Three States Continue the Fight to Save DOL’s Fiduciary Rule
Three states aren’t giving up their struggle to save the Department of Labor’s recently vacated fiduciary rule. California, New York and Oregon have appealed to the U.S. Court of Appeals for the Fifth Circuit to revisit its refusal to let them intervene in a lawsuit challenging the rule, which the states had asked for in April as a last-ditch effort to save the Obama-era best-interest investment advice regulation, the Hill writes.
If the Fifth Circuit refuses to reconsider its ruling, the states, led by California Attorney General Xavier Becerra, say they’ll appeal to the full court, according to the publication.
“The Fiduciary Rule is worth fighting for — plain and simple,” Becerra says in a statement cited by the Hill.
In March, the Fifth Circuit vacated the DOL’s fiduciary rule, siding with the U.S. Chamber of Commerce and more than 20 other industry groups who claimed that the rule, which purports to require retirement account advisors to put clients’ interests first and went into partial effect last summer, was an abuse of power by the agency, according to the Hill.
Attorneys general from California, Oregon and New York, along with the AARP, intervened just four days before the April 30 deadline that the DOL had to appeal the Fifth Circuit’s earlier decision to vacate the rule, filing motions to save it. But the Fifth Circuit denied their motions.
Earlier this month the DOL issued a bulletin to its regional directors making it clear that it would not pursue violations of parts of the rule already in effect. Nonetheless, lawyers say the rule is still in effect until the Fifth Circuit issues a mandate to vacate the rule, which is what the states appear to be hoping to prevent.
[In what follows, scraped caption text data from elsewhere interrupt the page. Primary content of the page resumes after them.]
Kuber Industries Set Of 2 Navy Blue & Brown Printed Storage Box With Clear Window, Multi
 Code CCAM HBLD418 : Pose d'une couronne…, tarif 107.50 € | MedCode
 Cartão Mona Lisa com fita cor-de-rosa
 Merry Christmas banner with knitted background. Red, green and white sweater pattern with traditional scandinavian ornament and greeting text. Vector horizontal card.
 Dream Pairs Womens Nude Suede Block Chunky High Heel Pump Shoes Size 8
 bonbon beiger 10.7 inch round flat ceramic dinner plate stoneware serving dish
“The federal government is no longer pursuing this appeal,” the states say in their request cited by the Hill. “Given that posture, the exceptional importance of the issues, and the grave harm the states will suffer as a result of the panel opinion — billions of dollars in lost retirement income to their residents and tens of millions of dollars in lost tax revenue — the states respectfully request that the Court reconsider its decision.”